Bu durumda, istinaf kanun yoluna başvuranın dilekçesinde yer verdiği itirazların açıklanan gerekçe ışığında yerinde olmamasına, kararda kamu düzenine ilişkin bir aykırılık bulunmamasına, kararının usul ve esas yönünden hukuka uygun olmasına göre, duruşma açılmasına gerek görülmeyerek Hukuk Muhakemeleri Kanunu’nun 353/1-b-1 maddesi gereğince istinaf başvurusunun esastan reddine karar verilmesi gerekmiştir.

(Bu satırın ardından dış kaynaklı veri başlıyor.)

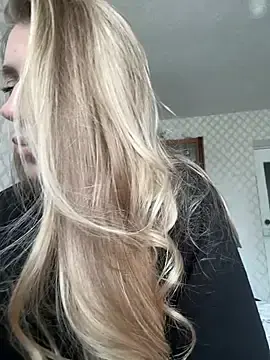 Stripchat Sex Cam of adel_secret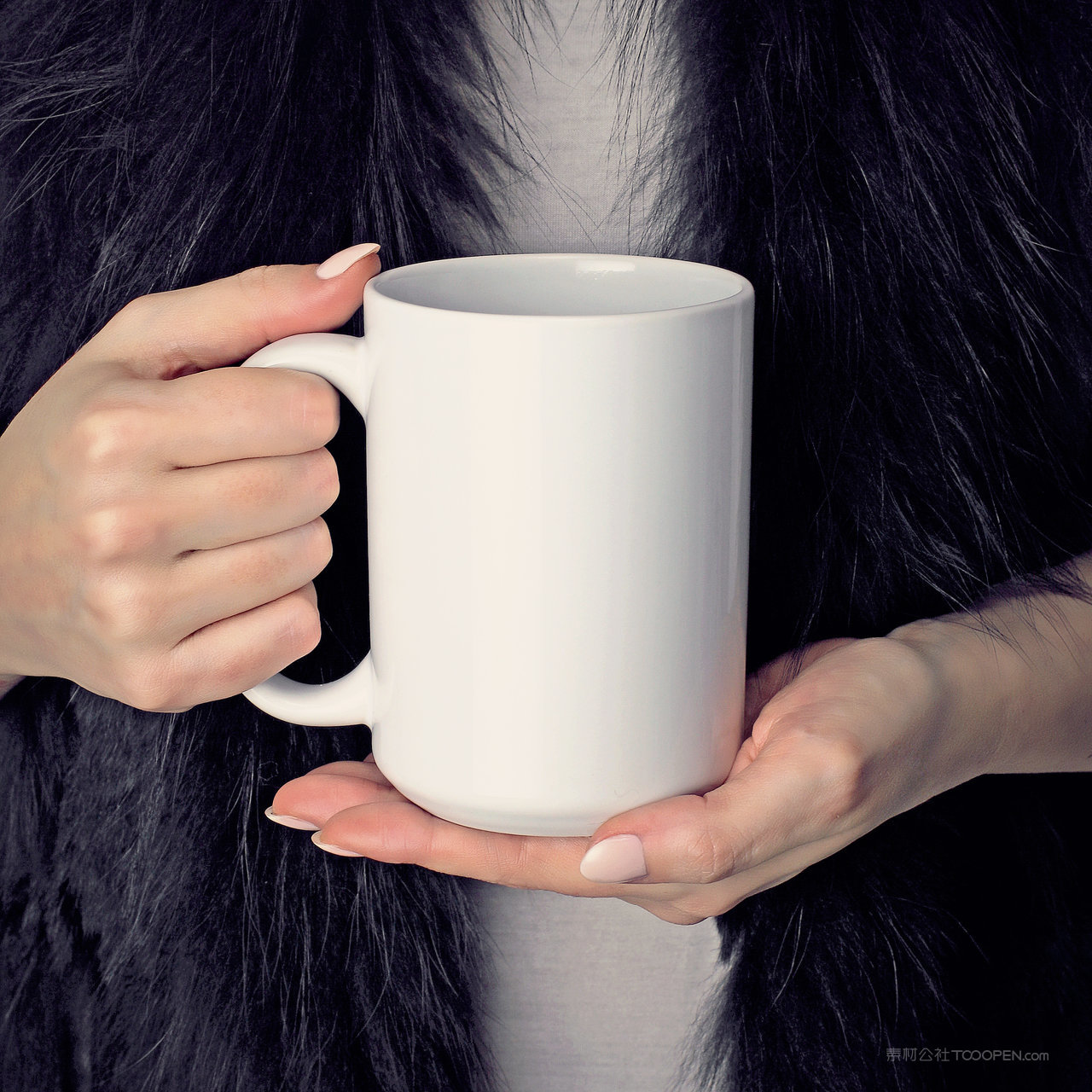 白色马克杯样机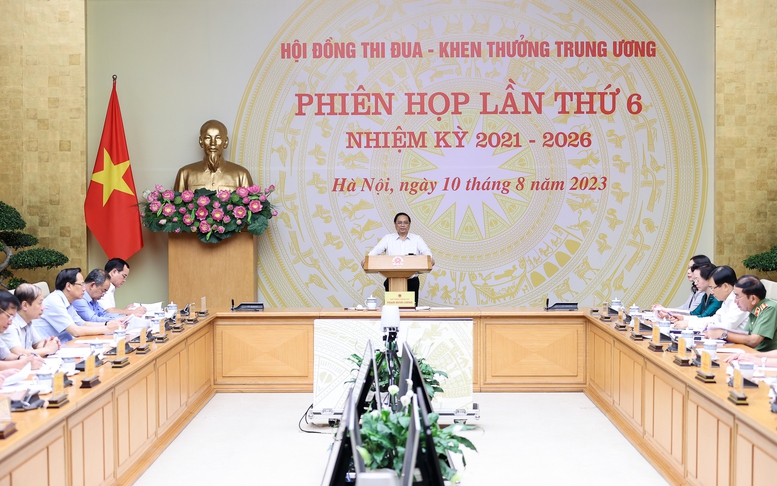Thủ tướng chủ trì phiên họp lần thứ 6 nhiệm kỳ 2021-2026 của Hội đồng Thi đua-Khen thưởng Trung ương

HÜKÜM : Yukarıda açıklanan nedenlerle;
1-Davalı vekilinin istinaf başvurusunun Hukuk Muhakemeleri Kanunu’nun 353/1-b-1 maddesi uyarınca ESASTAN REDDİNE,
2-Davalı yönünden istinaf karar harcı olan 80,70 TL’den peşin alınan 44,40 TL’nin mahsubu ile bakiye 36,30 TL’nin davalıdan alınarak hazineye gelir kaydına,
3-İstinaf başvurusu nedeniyle davalı tarafından yapılan giderlerin kendi üzerinde bırakılmasına,
Dosya üzerinden yapılan inceleme neticesinde, kararın tebliğinden itibaren iki hafta içinde Yargıtay ilgili Hukuk Dairesinde temyiz yolu açık olmak üzere 10.11.2022 tarihinde oy birliğiyle karar verildi.